Specify distribution of a vector of parameters

Hi All,

I am working on a multi-level model with a vector of parameters that are random slopes, and I would like to assign a prior to the distribution of these parameters. Whenever I run the model, the distribution of the mean estimates for these random effect parameters ends up being normal, but I have an a priori reason to expect that they would be non-negative with a positive skew. So, is it possible to treat this expectation as a prior on the distribution of parameters (or at least their estimated means)?

When I specify the parameter, I use:

parameters {
     vector[Num_levels] theta;
}

However, specifying a distribution in the model block, like theta ~ normal(0, 1); or theta ~ chi_square(1); only affects the distribution of the estimates for each individual parameter in the vector, not the distribution of parameters across the vector. The best I can do is to specify the lower bound of the vector, ie

parameters{
    vector<lower=0>[Num_levels] theta;
}

But this is unsatisfying, as the distribution is still normal, and it is more of a constraint than a prior. Is there a way to specify the distribution of parameter means in a vector of parameters as a hyperparameter?

Hi,
I am not sure I completely understand what you are trying to achieve.

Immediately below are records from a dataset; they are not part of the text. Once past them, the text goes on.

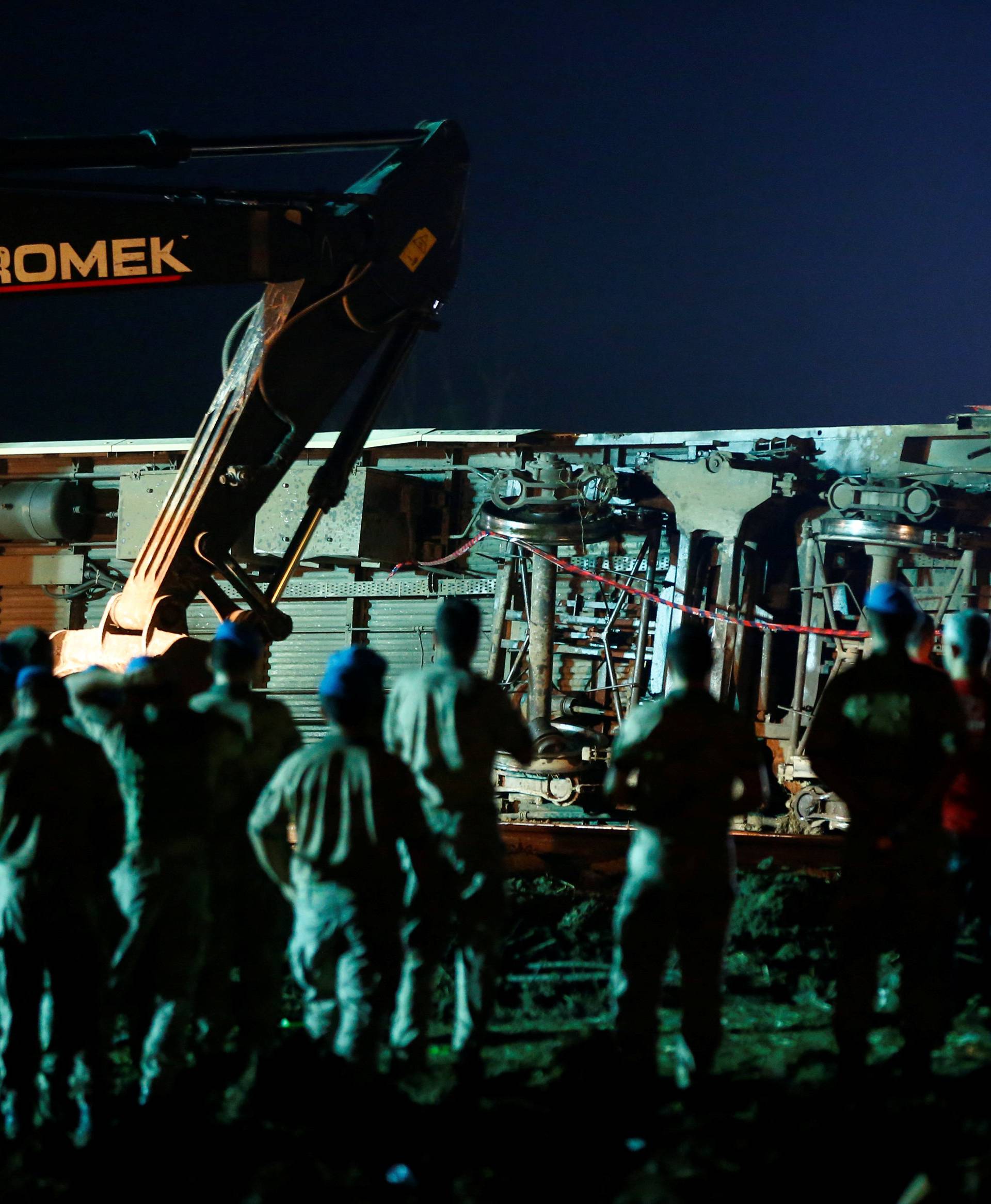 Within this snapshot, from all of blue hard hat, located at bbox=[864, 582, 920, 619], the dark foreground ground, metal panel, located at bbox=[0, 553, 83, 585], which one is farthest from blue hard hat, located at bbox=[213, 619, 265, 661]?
metal panel, located at bbox=[0, 553, 83, 585]

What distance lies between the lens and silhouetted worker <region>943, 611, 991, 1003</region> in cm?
540

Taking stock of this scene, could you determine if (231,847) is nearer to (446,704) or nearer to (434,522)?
(446,704)

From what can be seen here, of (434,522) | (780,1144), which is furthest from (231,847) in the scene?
(434,522)

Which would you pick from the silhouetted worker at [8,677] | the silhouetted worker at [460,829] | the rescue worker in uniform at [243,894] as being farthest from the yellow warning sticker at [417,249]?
the silhouetted worker at [8,677]

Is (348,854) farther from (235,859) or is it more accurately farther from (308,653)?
(308,653)

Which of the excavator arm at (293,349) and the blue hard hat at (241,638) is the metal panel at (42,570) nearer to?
the excavator arm at (293,349)

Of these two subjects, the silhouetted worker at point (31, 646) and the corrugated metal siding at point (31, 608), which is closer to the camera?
the silhouetted worker at point (31, 646)

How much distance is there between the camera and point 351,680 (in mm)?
4684

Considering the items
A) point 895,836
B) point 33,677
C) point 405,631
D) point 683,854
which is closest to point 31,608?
point 405,631

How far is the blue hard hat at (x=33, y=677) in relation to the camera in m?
4.83

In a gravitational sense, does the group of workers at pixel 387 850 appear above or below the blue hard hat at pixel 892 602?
below

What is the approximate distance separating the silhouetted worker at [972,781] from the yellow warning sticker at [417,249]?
4667 mm

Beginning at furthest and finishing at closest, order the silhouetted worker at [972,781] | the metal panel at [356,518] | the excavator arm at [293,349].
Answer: the metal panel at [356,518] → the excavator arm at [293,349] → the silhouetted worker at [972,781]

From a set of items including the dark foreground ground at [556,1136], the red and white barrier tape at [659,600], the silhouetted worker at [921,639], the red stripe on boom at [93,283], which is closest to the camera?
the dark foreground ground at [556,1136] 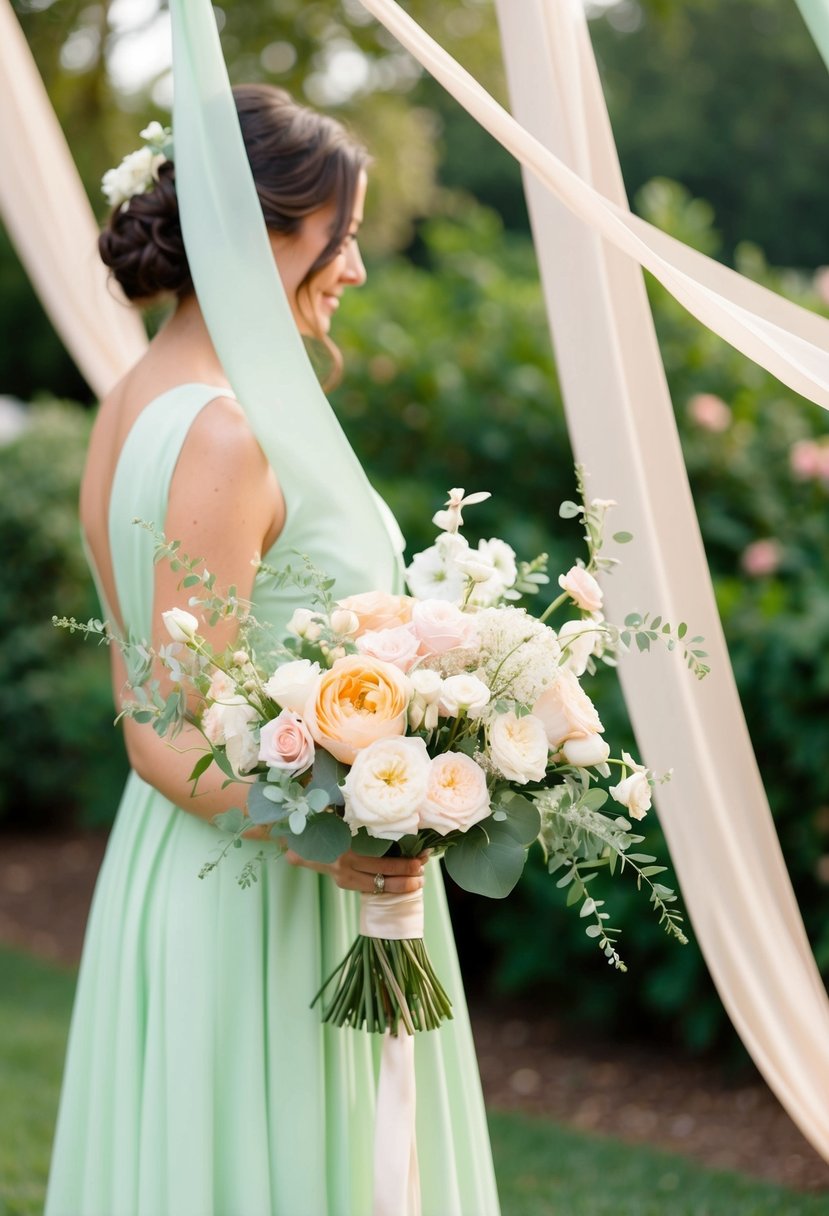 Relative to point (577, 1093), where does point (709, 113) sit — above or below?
above

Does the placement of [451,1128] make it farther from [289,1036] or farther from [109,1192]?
[109,1192]

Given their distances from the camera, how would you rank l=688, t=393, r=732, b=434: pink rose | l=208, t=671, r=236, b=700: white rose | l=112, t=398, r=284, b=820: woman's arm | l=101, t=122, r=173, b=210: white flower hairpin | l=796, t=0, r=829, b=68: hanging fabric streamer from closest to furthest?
l=208, t=671, r=236, b=700: white rose
l=112, t=398, r=284, b=820: woman's arm
l=796, t=0, r=829, b=68: hanging fabric streamer
l=101, t=122, r=173, b=210: white flower hairpin
l=688, t=393, r=732, b=434: pink rose

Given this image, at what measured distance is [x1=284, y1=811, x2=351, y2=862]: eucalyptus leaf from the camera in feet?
5.65

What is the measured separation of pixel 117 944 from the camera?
7.20 feet

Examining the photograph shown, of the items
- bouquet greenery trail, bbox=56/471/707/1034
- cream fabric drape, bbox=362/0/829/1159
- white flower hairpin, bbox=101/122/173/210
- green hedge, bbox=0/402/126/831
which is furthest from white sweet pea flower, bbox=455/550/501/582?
green hedge, bbox=0/402/126/831

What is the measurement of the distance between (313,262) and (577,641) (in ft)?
2.72

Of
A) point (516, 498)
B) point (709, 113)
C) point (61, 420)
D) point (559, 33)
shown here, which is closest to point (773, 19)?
point (709, 113)

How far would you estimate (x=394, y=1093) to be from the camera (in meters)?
1.89

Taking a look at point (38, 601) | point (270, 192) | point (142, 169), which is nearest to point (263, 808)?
point (270, 192)

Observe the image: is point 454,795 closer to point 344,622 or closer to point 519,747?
point 519,747

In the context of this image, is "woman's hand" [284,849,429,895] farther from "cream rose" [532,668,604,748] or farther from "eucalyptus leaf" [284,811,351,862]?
"cream rose" [532,668,604,748]

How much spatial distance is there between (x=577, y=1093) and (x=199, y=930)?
9.61 ft

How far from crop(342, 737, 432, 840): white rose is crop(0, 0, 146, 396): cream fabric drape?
169 centimetres

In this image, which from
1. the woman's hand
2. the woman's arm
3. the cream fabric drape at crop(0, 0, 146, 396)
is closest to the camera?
the woman's hand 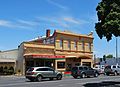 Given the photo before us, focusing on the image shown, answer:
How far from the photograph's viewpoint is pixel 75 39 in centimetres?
6425

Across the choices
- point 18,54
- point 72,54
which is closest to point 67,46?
point 72,54

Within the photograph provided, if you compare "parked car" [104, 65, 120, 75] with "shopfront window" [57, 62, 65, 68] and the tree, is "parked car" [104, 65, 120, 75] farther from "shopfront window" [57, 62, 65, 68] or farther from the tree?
the tree

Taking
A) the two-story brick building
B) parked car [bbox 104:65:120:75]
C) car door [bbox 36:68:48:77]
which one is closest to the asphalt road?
car door [bbox 36:68:48:77]

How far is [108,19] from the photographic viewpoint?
83.7ft

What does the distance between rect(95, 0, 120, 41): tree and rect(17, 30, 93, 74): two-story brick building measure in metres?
27.6

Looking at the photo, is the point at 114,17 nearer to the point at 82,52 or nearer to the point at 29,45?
the point at 29,45

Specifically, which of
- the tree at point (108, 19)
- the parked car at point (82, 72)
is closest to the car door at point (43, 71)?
the parked car at point (82, 72)

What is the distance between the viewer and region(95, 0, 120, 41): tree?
2481cm

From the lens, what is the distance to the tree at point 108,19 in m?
24.8

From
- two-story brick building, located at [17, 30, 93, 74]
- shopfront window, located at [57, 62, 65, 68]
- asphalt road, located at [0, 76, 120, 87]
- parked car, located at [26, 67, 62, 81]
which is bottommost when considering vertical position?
asphalt road, located at [0, 76, 120, 87]

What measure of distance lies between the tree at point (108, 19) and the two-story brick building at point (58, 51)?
90.7 feet

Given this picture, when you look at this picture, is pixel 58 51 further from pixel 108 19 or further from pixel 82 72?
pixel 108 19

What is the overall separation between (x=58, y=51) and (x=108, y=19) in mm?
35355

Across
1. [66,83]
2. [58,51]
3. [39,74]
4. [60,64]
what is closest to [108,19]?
[66,83] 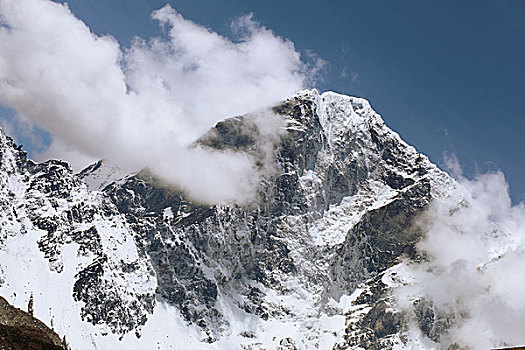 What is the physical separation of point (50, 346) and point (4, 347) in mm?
8045

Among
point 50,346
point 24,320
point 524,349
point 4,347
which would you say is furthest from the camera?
point 24,320

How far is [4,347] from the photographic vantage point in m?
76.7

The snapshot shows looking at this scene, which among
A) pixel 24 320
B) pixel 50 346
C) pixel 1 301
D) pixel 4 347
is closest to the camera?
pixel 4 347

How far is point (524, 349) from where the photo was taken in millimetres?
54656

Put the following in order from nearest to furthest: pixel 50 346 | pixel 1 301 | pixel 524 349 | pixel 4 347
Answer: pixel 524 349 < pixel 4 347 < pixel 50 346 < pixel 1 301

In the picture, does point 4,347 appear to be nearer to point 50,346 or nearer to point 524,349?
point 50,346

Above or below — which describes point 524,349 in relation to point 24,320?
below

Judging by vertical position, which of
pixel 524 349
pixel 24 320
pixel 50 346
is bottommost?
pixel 524 349

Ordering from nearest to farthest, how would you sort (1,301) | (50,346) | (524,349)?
(524,349) < (50,346) < (1,301)

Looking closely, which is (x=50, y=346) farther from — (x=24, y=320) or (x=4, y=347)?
(x=24, y=320)

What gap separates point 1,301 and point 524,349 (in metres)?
143

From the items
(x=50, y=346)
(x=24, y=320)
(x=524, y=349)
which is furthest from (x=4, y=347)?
(x=24, y=320)

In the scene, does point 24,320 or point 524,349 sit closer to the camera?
point 524,349

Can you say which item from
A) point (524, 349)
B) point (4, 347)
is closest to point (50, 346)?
point (4, 347) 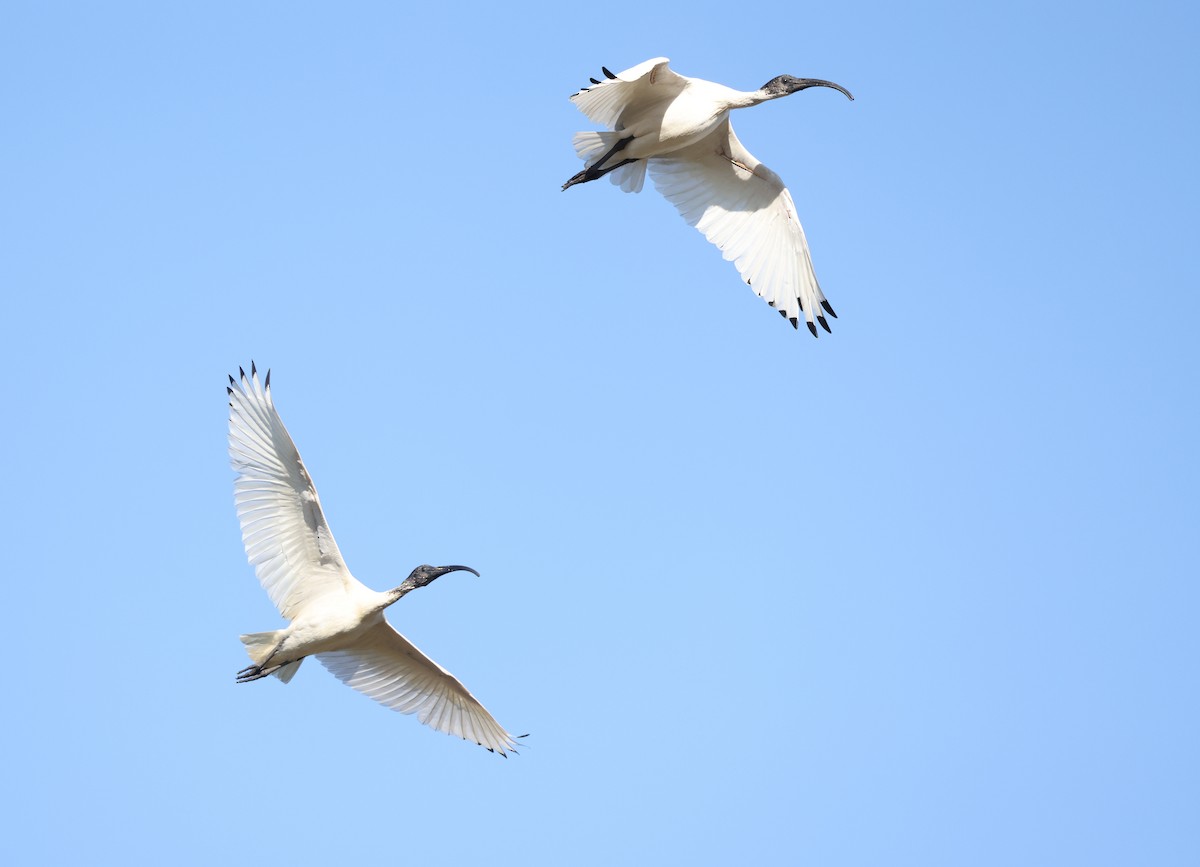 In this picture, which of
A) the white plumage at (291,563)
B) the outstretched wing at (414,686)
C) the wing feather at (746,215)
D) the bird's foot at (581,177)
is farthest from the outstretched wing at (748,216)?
the outstretched wing at (414,686)

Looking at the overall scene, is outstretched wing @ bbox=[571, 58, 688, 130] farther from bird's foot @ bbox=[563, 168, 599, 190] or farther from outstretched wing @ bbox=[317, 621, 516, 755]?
outstretched wing @ bbox=[317, 621, 516, 755]

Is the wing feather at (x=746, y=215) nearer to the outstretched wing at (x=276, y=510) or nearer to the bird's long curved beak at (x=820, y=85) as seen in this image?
the bird's long curved beak at (x=820, y=85)

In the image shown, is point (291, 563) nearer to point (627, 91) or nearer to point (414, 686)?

That sounds very much like a prior that affects each parameter individually (e.g. with theta ~ skew_normal(2, 2, 4);).

That should be easy, for example: (code not tested, just a sketch):

parameters {
  vector[Num_levels] theta;
  real theta_mean;
}

model {
  theta ~ normal(theta_mean, 1);
  theta_mean ~ normal(5, 5);
}

If this is not what you need than I don’t know what you are after :-) It is often useful to think of the probabilistic model as a way to generate new data. How would you draw new samples from the prior on theta? (in R,Python - whatever language you use).